Temos visto o avanço de uma onda neofascista e com viés antidemocrático no Brasil e no mundo. Por aqui, nos últimos anos, a situação da escolarização, que já apresentava problemas históricos e estruturais, complicou-se de forma assustadora.

Convivemos com o congelamento dos investimentos em Educação, com os impactos de uma Base Nacional Comum Curricular e de uma reforma do Ensino Médio que parecem funcionar, na prática, como uma forma de desqualificar ainda mais a educação escolar. O pensamento crítico tem sido percebido, pelo governo e pela sociedade, como algo ameaçador, a ser combatido. Movimentos conservadores, como o Escola sem Partido, incutem entre as pessoas a ideia de que os professores são agentes doutrinadores que estão engajados em implantar o comunismo e em “transformar” os alunos em homossexuais. Por isso, oferecem estratégias de denunciar e de expor os professores. Livros têm sido censurados nas escolas, nenhuma abordagem sobre as religiões de matrizes africanas parece ser bem-vinda. Qualquer conversa sobre assuntos considerados “polêmicos” tem funcionado, com mais frequência, para justificar a demissão de professores na rede privada. Para piorar, continuam sendo frequentes os casos de violência física, verbal e psicológica contra os docentes.

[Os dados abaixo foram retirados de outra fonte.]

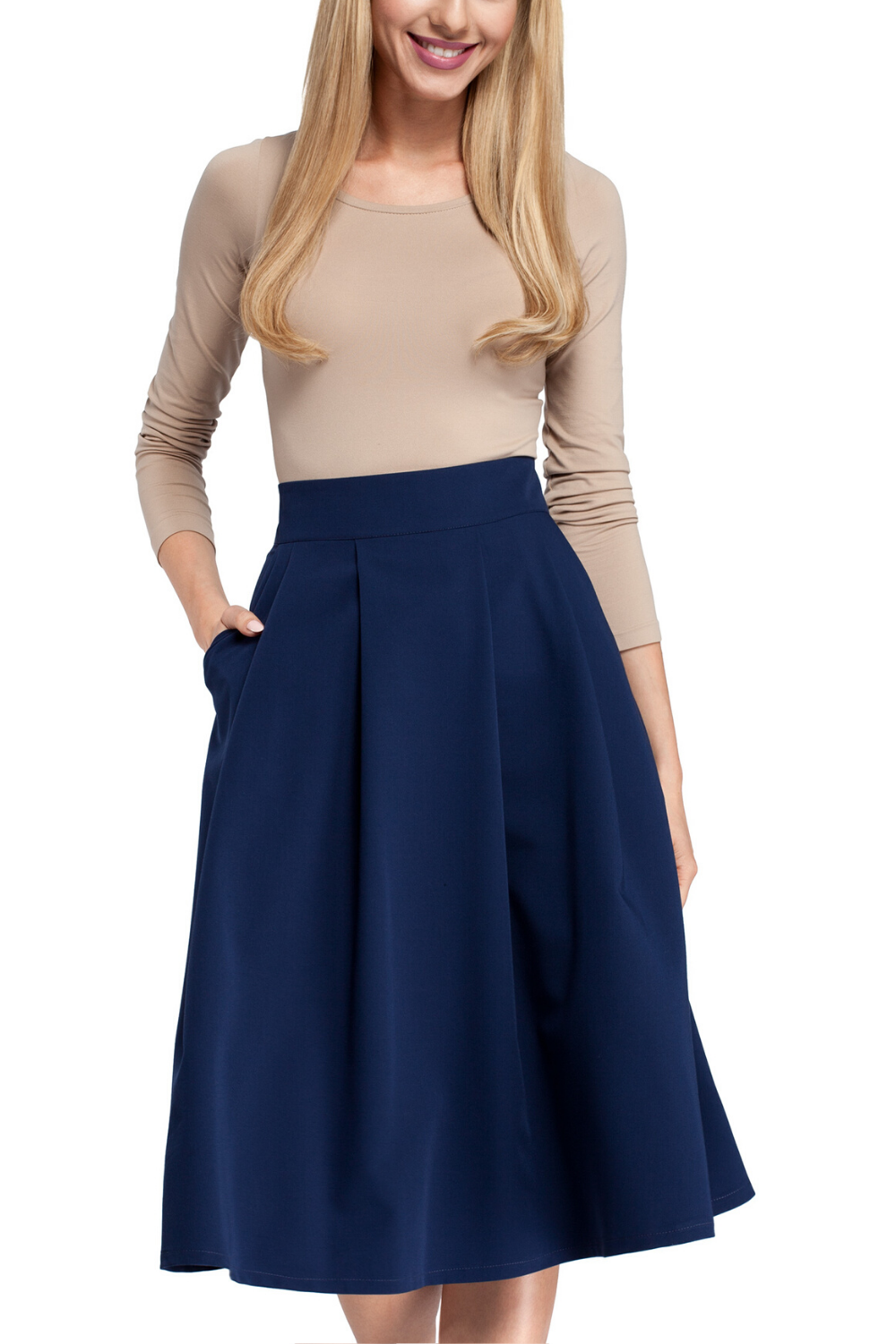 Spódnica rozkloszowana z kontrafałdami i kieszeniami granatowa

É. Continua não sendo fácil ser professor.

Mas já ouvi que “nada é tão ruim que não possa piorar”. É por isso que, no Dia do Professor, os rituais de congratulação nunca me parecem suficientes. Tampouco comparar a prática profissional dos docentes a um “dom” ou a uma “missão”. Menos ainda afirmar que se nasce para ser professor. A docência é uma profissão e requer formação adequada para que seja exercida com rigor e qualidade, mas o senso comum ainda insiste em acreditar que o “bom professor” é aquele que segue uma vocação, que trabalha quase que exclusivamente por amor.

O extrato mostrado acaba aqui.